Data records.
■ ■ ■ ■ ■ ■ ■
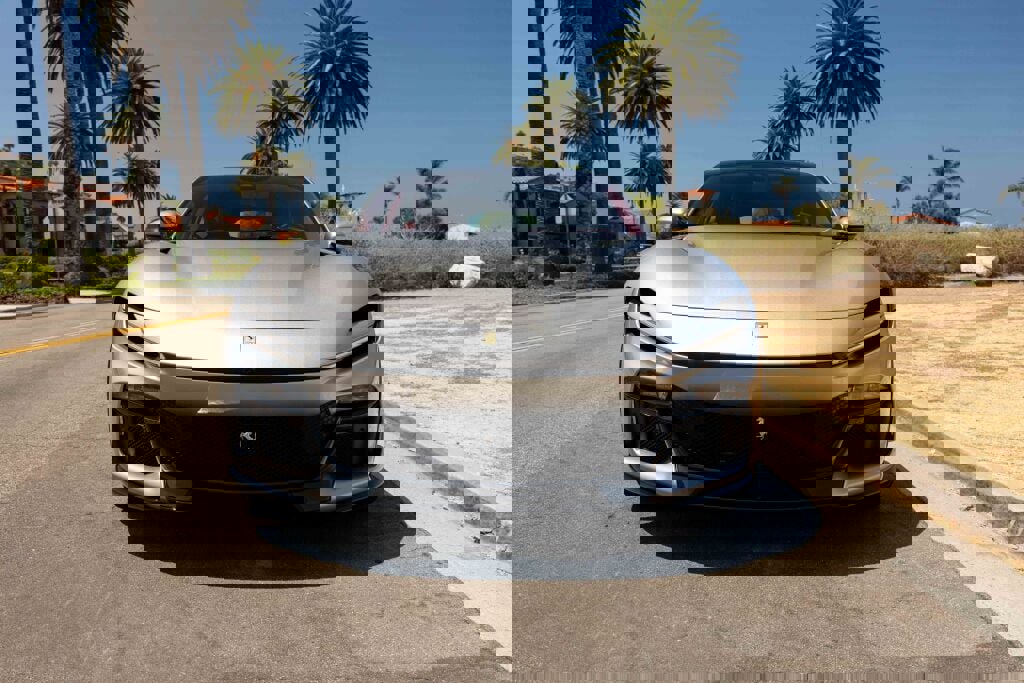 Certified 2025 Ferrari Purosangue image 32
■ ■ ■ ■ ■ ■ ■
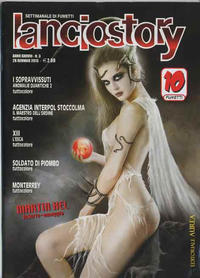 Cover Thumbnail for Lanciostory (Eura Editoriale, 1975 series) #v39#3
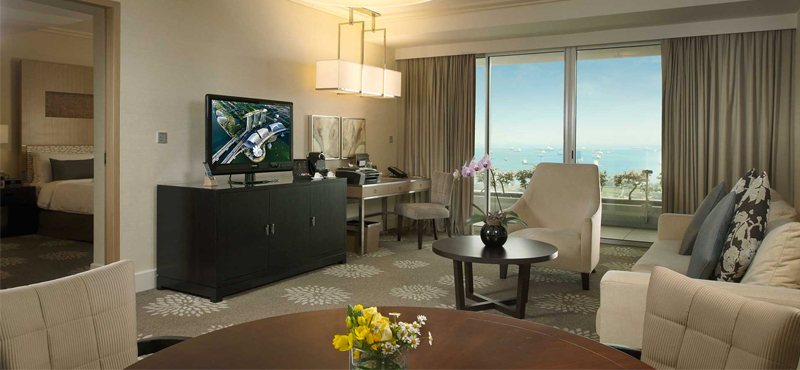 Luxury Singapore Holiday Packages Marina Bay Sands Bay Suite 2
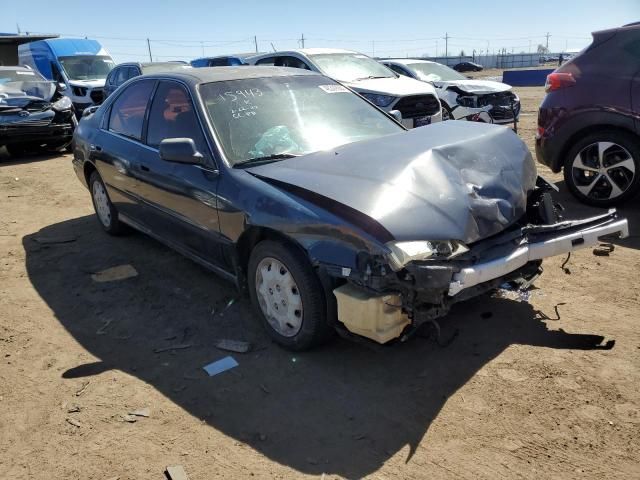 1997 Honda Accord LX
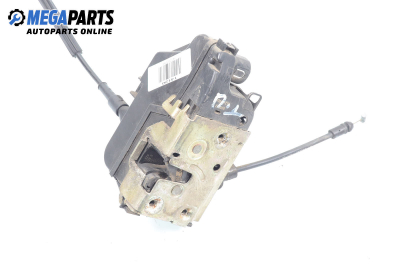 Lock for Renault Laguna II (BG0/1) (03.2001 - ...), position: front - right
■ ■ ■ ■ ■ ■ ■
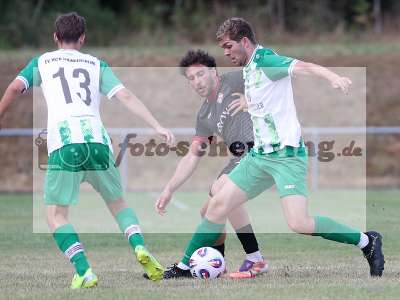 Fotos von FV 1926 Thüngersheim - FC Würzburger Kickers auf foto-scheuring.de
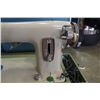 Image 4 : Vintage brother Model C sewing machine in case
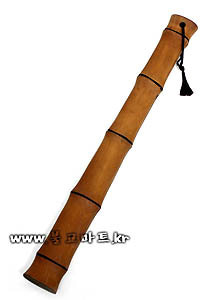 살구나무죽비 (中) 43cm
■ ■ ■ ■ ■ ■ ■
Your instructions. Within the material above, only the stretch from the line holding "Image 4 : Vintage" through the line holding "살구나무죽비 (中) 43cm" is to be restated exactly. Pictures are dropped.

Your response.
 Image 4 : Vintage brother Model C sewing machine in case
 살구나무죽비 (中) 43cm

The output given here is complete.